As more evidence was gathered it was clear that the military had carried out the atrocities. Several weeks prior to the massacre, it was alleged that members of the army set up a monitoring station in Ntumbaw. The Cameroonian government later admitted that the Cameroonian Army had been responsible for the deaths, and claimed civilians were killed by an accidental explosion that had been triggered when stray bullets had hit a fuel tank during a firefight with separatists. The Cameroonian Army claimed to have killed seven separatists during the incident. Opposition parties and aid agencies rejected this explanation, accusing the army of carrying out a massacre of civilians. Local residents said that 35 people were killed by the Army, who broke into residents houses, where they shot civilians and burned their houses. The Cameroonian government continued to insist that only five civilians had been killed, although independent sources were able to verify the names of 25 dead civilians already the day after the attack. Attempting to cover up the details of the incident, on 24 February, soldiers arrested a man who had given information about the Ngarbuh massacre to the media. An alleged eye witness to the massacre was murdered on 29 February.

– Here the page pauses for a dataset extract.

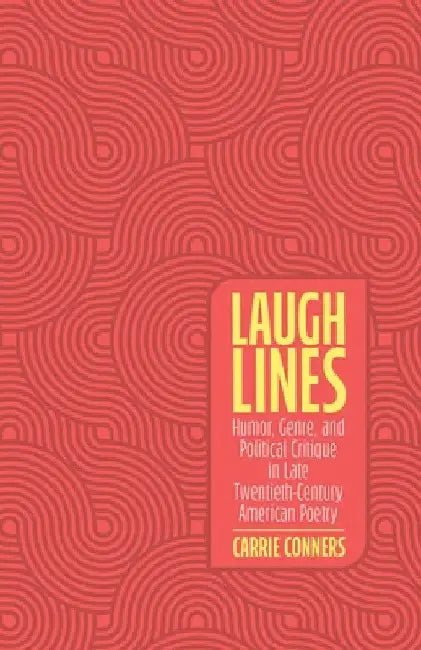 Laugh Lines: Humor, Genre, and Political Critique in Late Twentieth-Century American Poetry by Carrie Conners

Human Rights Watch ran an investigation, interviewing 23 people, three of whom witnessed the attack. The investigation debunked the claims made by the government and established that Cameroonian soldiers and armed Fulani had carried out a massacre of civilians. Human Rights Watch also confirmed that there had been no separatist fighters present during the massacre. The Cameroonian government responded to the report by accusing the author of conspiring with the separatists to create false stories.

==Reactions==
The incident drew worldwide attention and condemnation from rights organisations and foreign governments. The United Nations condemned the attack, and encouraged Cameroon to prosecute the perpetrators. This reaction was echoed by that of the United States. Cameroonian opposition politician Maurice Kamto called for a national day of mourning.

In early March, it was reported that the Cameroonian Army had arrested and questioned nine soldiers about the massacre, including two colonels. After running its own investigation, the government concluded that three soldiers and a local vigilante group had accidentally killed 13 civilians during a firefight with separatist fighters. After realizing their mistake, the report claimed, the soldiers and the militiamen set fire to buildings in order to erase any evidence. Three soldiers were subsequently arrested.

The report and the arrests were met with appreciation internationally and by human rights organizations, while the Ambazonia Governing Council accused the Cameroonian government of "presenting false justification of the systematic killing of civilians".

==Aftermath==
In late May 2020, the military set up a base in Ngarbuh, with the stated aim of cutting off a separatist supply route from Nigeria. Within a week, more than 300 villagers had fled, fearing the presence of soldiers.

Ntumbaw continued to be a battleground between separatists and armed Mbororos. On 12 May 2020, around 30 armed Mbororos killed two civilians after accusing separatists of killing seven Mbororos. In October, armed Mbororos killed a separatist fighter, and were subsequently hunted down by separatists.

In February 2026, three soldiers were sentenced to prison time for taking part in the massacre.